Aim of the exercise => Your output should consist solely of the lines from the one holding "Video: Putin Mau" to the end of the records below, inclusive, reproduced exactly and free of pictures.

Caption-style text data
..............................
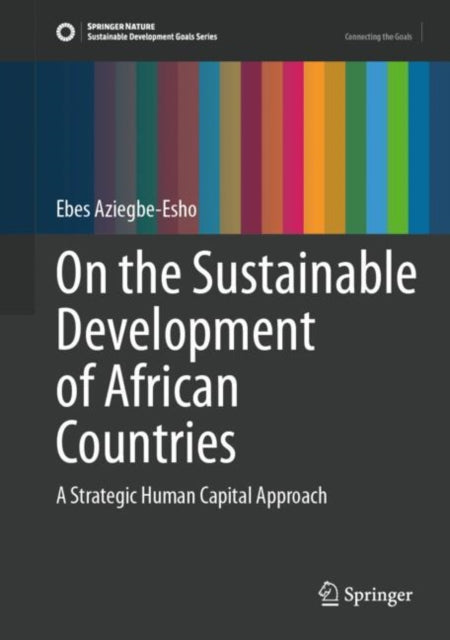 On the Sustainable Development of African Countries: A Strategic Human Capital Approach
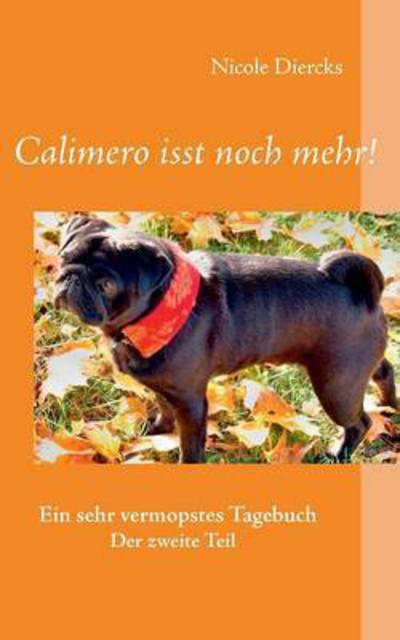 Cover for Nicole Diercks · Calimero Isst Noch Mehr! (Paperback Book) (2015)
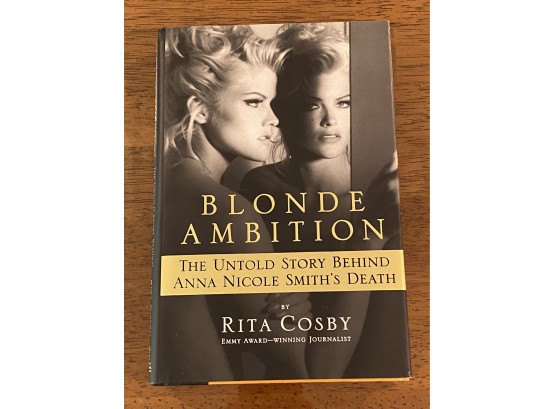 Blonde Ambition The Untold Story Behind Anna Nicole Smith's Death By Rita Cosby Signed & Inscribed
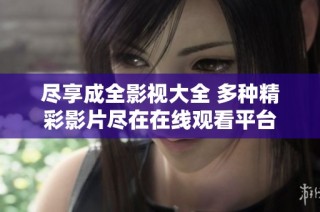 尽享成全影视大全 多种精彩影片尽在在线观看平台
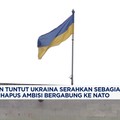 Video: Putin Mau Ukraina Serahkan Sebagian Wilayah & Larang Masuk NATO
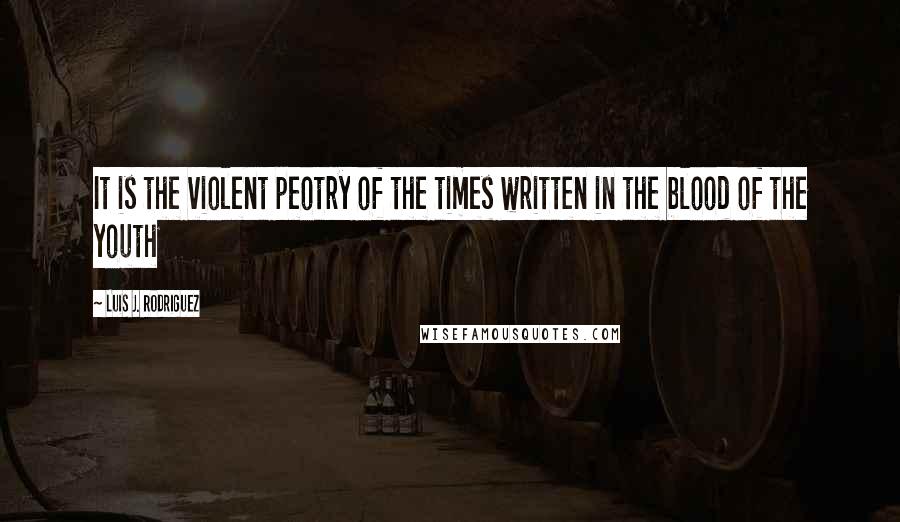 Luis J. Rodriguez Quotes: It is the violent peotry of the times written in the blood of the youth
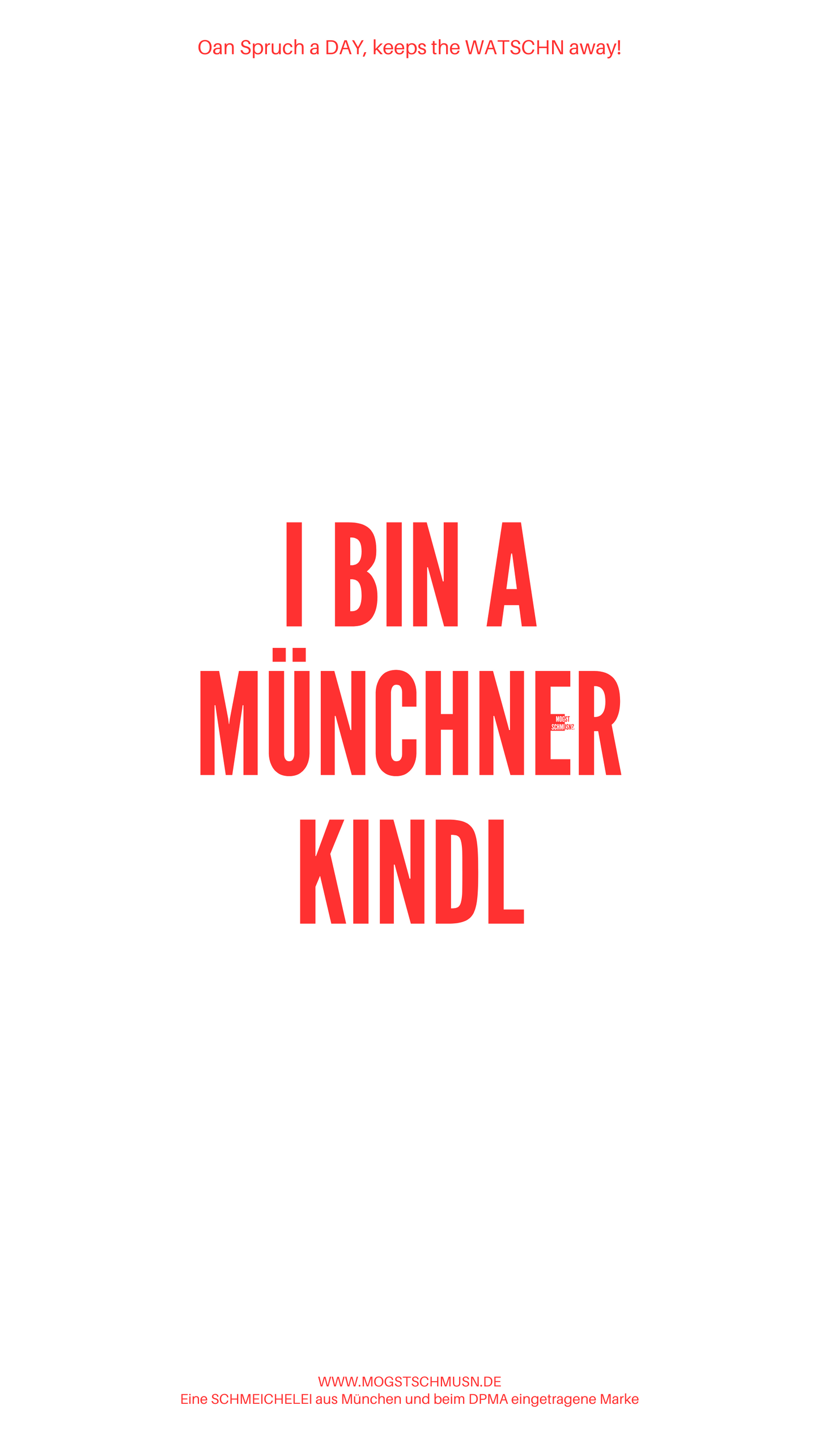 Weißes digitales Hintergrundbild mit dem bayerischen Spruch „I BIN A MÜNCHNER KINDL“ in roter Schrift, darunter Website und Markenschriftzug von mogstschmusn.de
..............................
Response to this task =>
 Video: Putin Mau Ukraina Serahkan Sebagian Wilayah & Larang Masuk NATO
 Luis J. Rodriguez Quotes: It is the violent peotry of the times written in the blood of the youth
 Weißes digitales Hintergrundbild mit dem bayerischen Spruch „I BIN A MÜNCHNER KINDL“ in roter Schrift, darunter Website und Markenschriftzug von mogstschmusn.de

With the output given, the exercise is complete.